El abstencionismo con sus políticas engañosas y perversas han conllevado a la “desaparición” de la oposición, a la desmovilización y frustración de los venezolanos, así como ha estimulado la desesperanza y el éxodo. Sus acciones simbólicas y excluyentes niegan la posibilidad de construir una nueva contra-hegemonía política frente al social-fascismo bolivariano.

El abandono de la ruta electoral (escenario de grandes logros políticos a pesar del ventajismo de la maquinaria oficialista), y la promoción de fantasiosas “salidas y quiebres” han desdibujado y desarticulado a la oposición como fuerza política.
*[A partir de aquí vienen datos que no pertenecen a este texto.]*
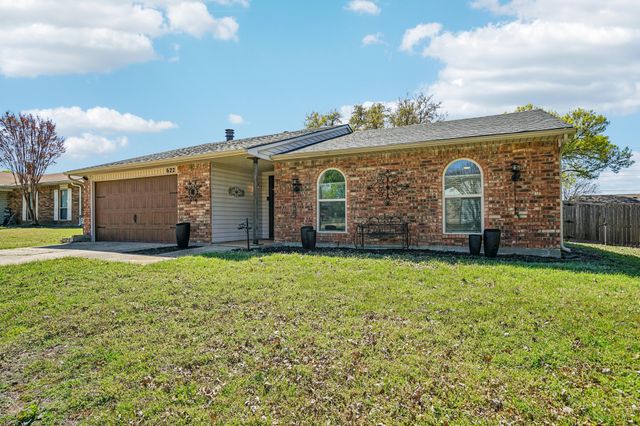 622 Roaming Road Drive, Allen, TX 75002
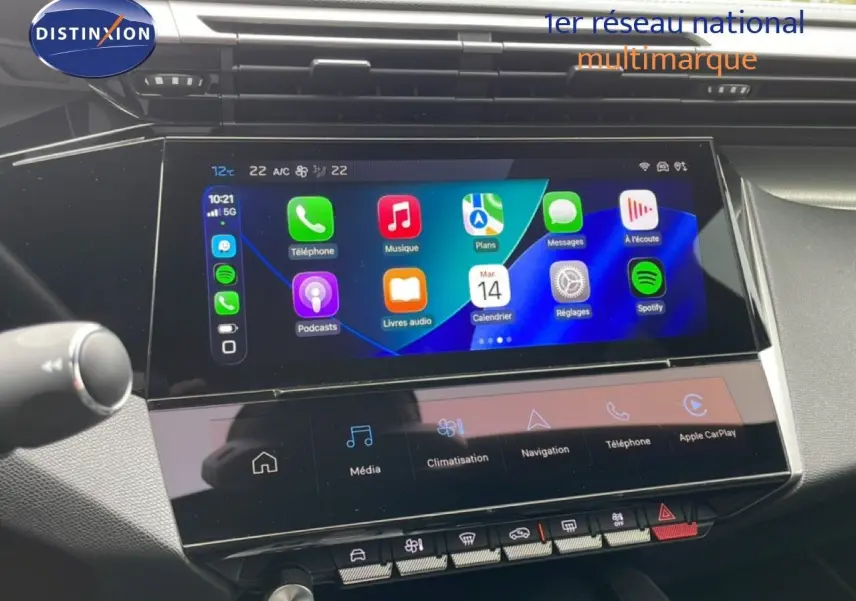 Écran tactile central affichant Apple CarPlay dans l’habitacle noir du Peugeot 408 Hybrid 145ch GT 2024.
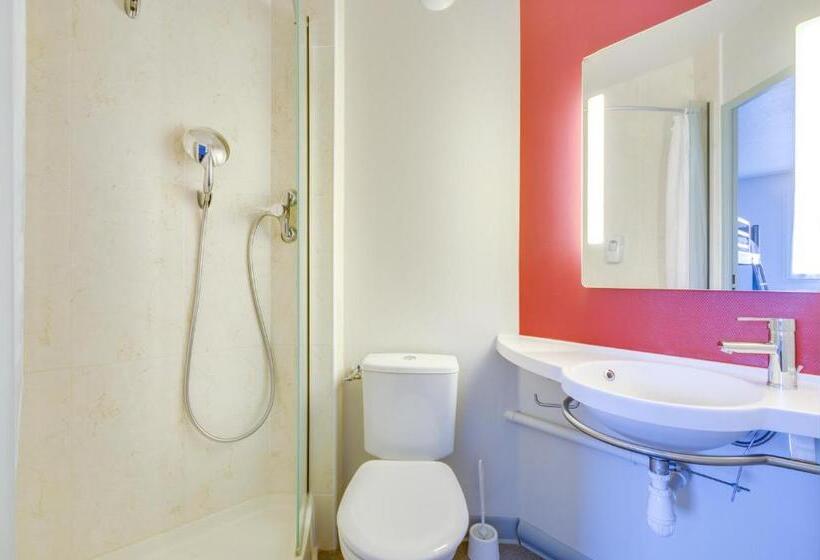Четырехместный Номер Стандарт, B&b Hotel Brignoles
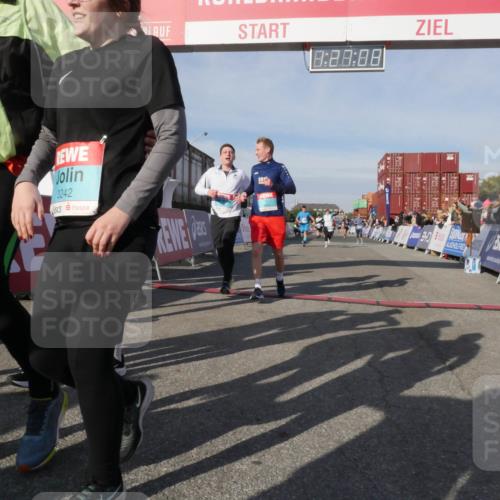 03.10.2025 - Köhlbrandbrückenlauf Matties Gatica Varas http://msf.ph/oto/9170227 03.10.2025 10:27:10 Ziel 2115, 2693, 2774, 2930, 3052, 3232, 3703, 3745 meine-sportfotos.de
Esto ha mermado su capacidad de movilización, ha reducido su incidencia en el escenario político, y le ha facilitado al régimen la imposición de su agenda de hambre, miseria (paquetazo económico) y represión.

La coyuntura actual del movimiento opositor se caracteriza por un reflujo de masas que se evidencia en la atomización de sus fuerzas, y la poca capacidad para articular una agenda programática propia. La cuestión entonces es ¿Cómo salir de esta trampa infernal adonde nos ha llevado el abstencionismo?

El camino no es fácil, todos lo sabemos, pero es necesario andarlo. Es un sendero que pasa por el retorno a la ruta electoral, el rescate del valor del voto como instrumento de rebelión organizada y no como factor legitimador de la dictadura, y la conformación de una amplia coalición social y política que sea capaz de capitalizar el malestar social y transformarlo en una insurrección electoral.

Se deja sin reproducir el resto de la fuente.